▶ DATA BELOW
######

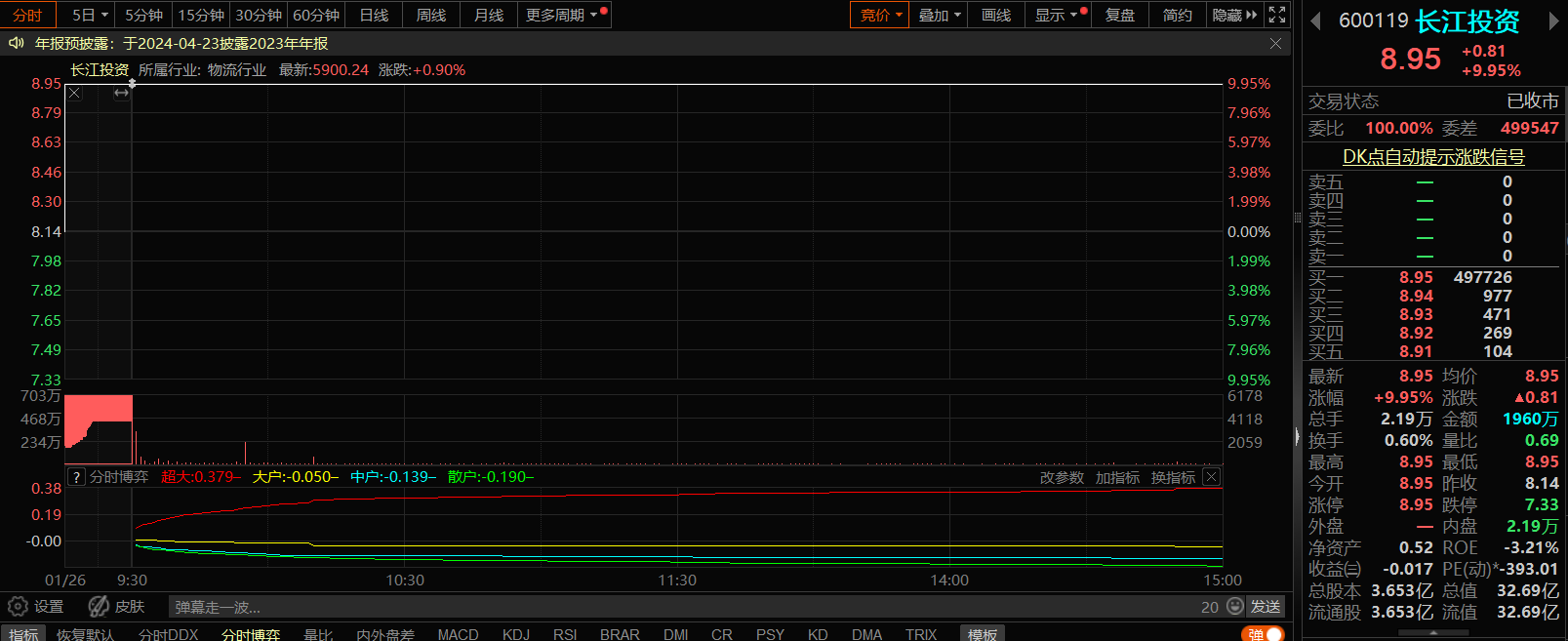 首頁>創作中心>正文> $特發信息(sz000070)$特發信息是光模塊 國企,該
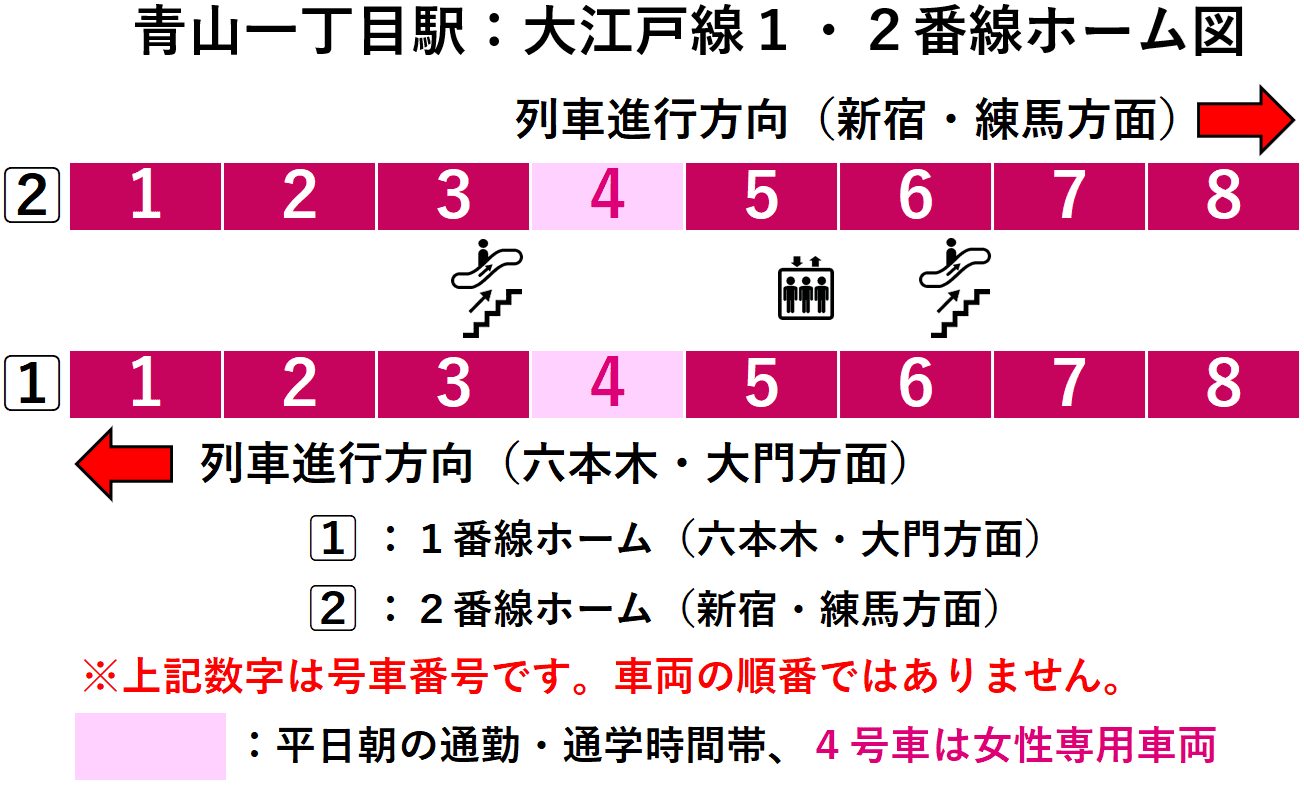 青山一丁目駅：大江戸線１・２番線ホーム図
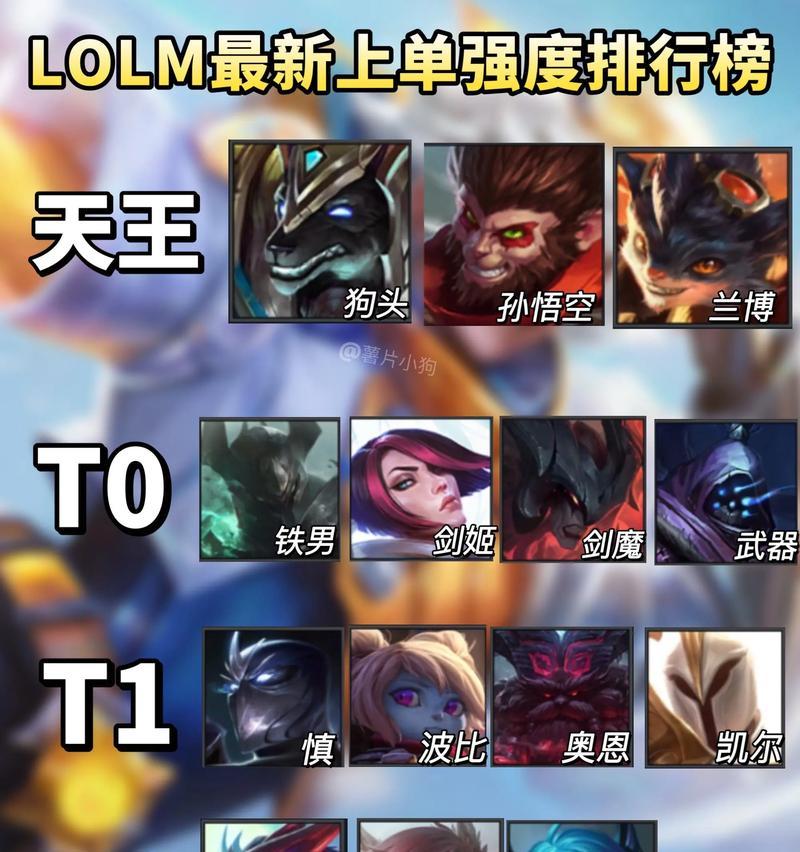 手游比赛出装攻略最新解析（掌握关键出装，稳夺胜利的秘诀）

######

▶ WHAT NEEDS TO BE DONE
Print the data once more without any change, skipping each picture.

▶ RESPONSE TO THE TASK
 首頁>創作中心>正文> $特發信息(sz000070)$特發信息是光模塊 國企,該
 青山一丁目駅：大江戸線１・２番線ホーム図
 手游比赛出装攻略最新解析（掌握关键出装，稳夺胜利的秘诀）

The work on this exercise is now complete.